• ACTION ITEM:
Set down the final stretch of the data, from the line that holds "Quality Inn &" through the last line, both included, with pictures left out.

Scraped caption text data
[Start of section]

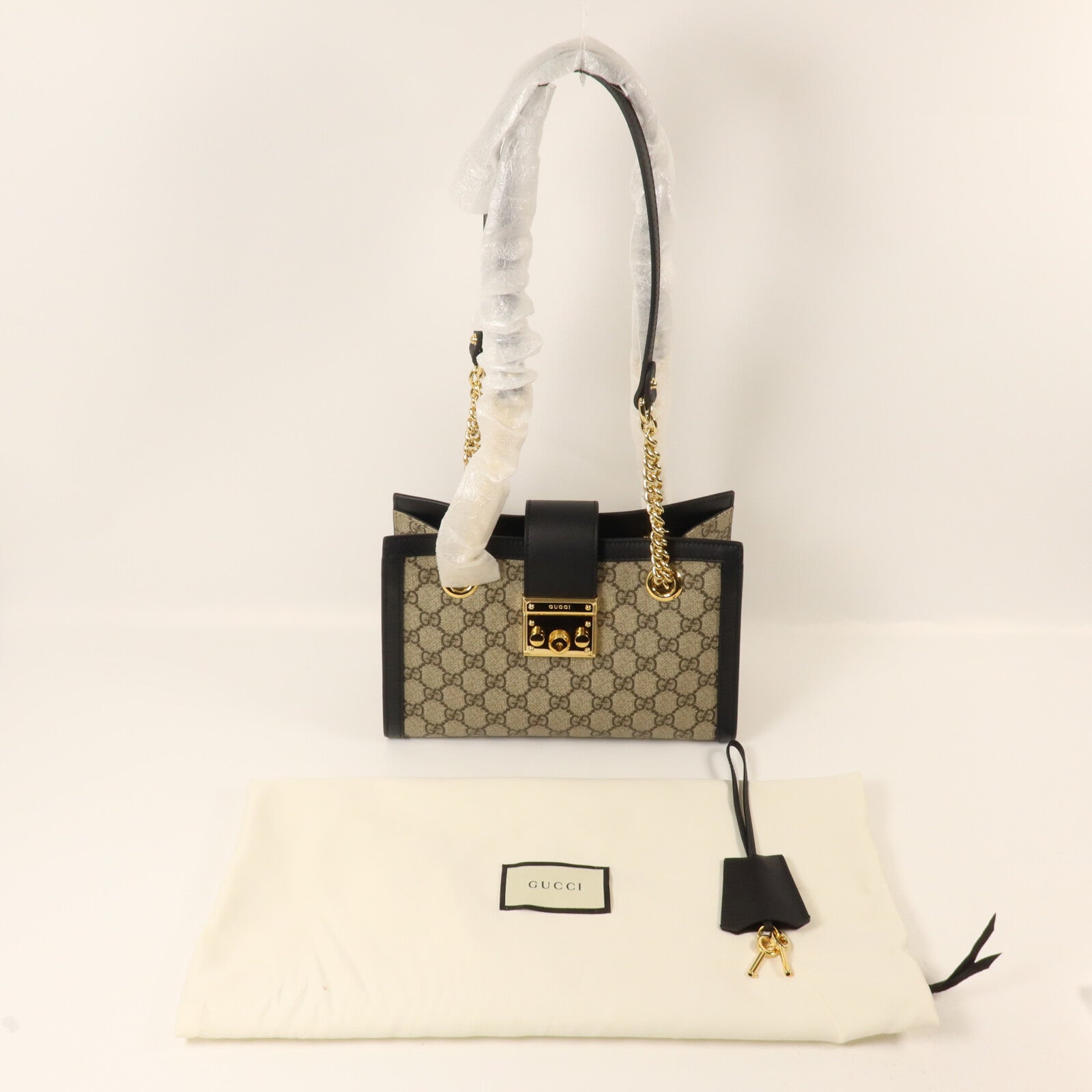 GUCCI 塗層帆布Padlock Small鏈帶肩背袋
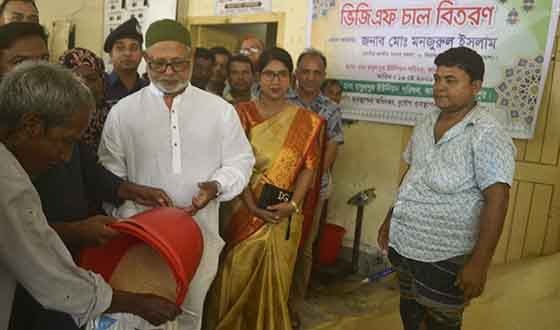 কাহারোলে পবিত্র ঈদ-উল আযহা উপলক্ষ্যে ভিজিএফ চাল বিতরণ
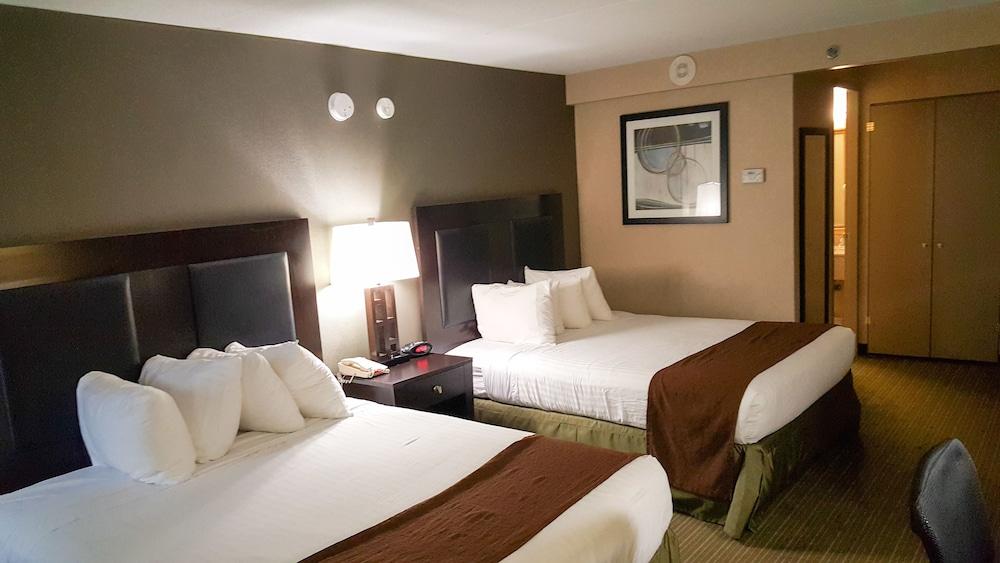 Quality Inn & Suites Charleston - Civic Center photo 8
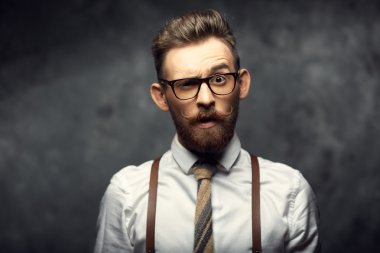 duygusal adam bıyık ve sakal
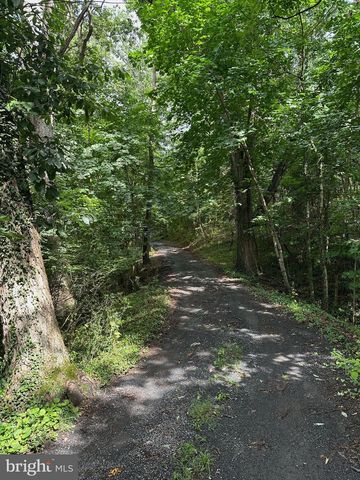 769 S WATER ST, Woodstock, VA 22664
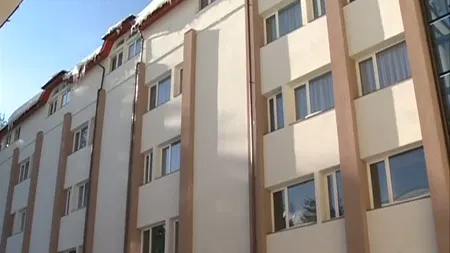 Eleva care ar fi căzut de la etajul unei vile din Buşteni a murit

[End of section]

• RESPONSE AREA:
 Quality Inn & Suites Charleston - Civic Center photo 8
 duygusal adam bıyık ve sakal
 769 S WATER ST, Woodstock, VA 22664
 Eleva care ar fi căzut de la etajul unei vile din Buşteni a murit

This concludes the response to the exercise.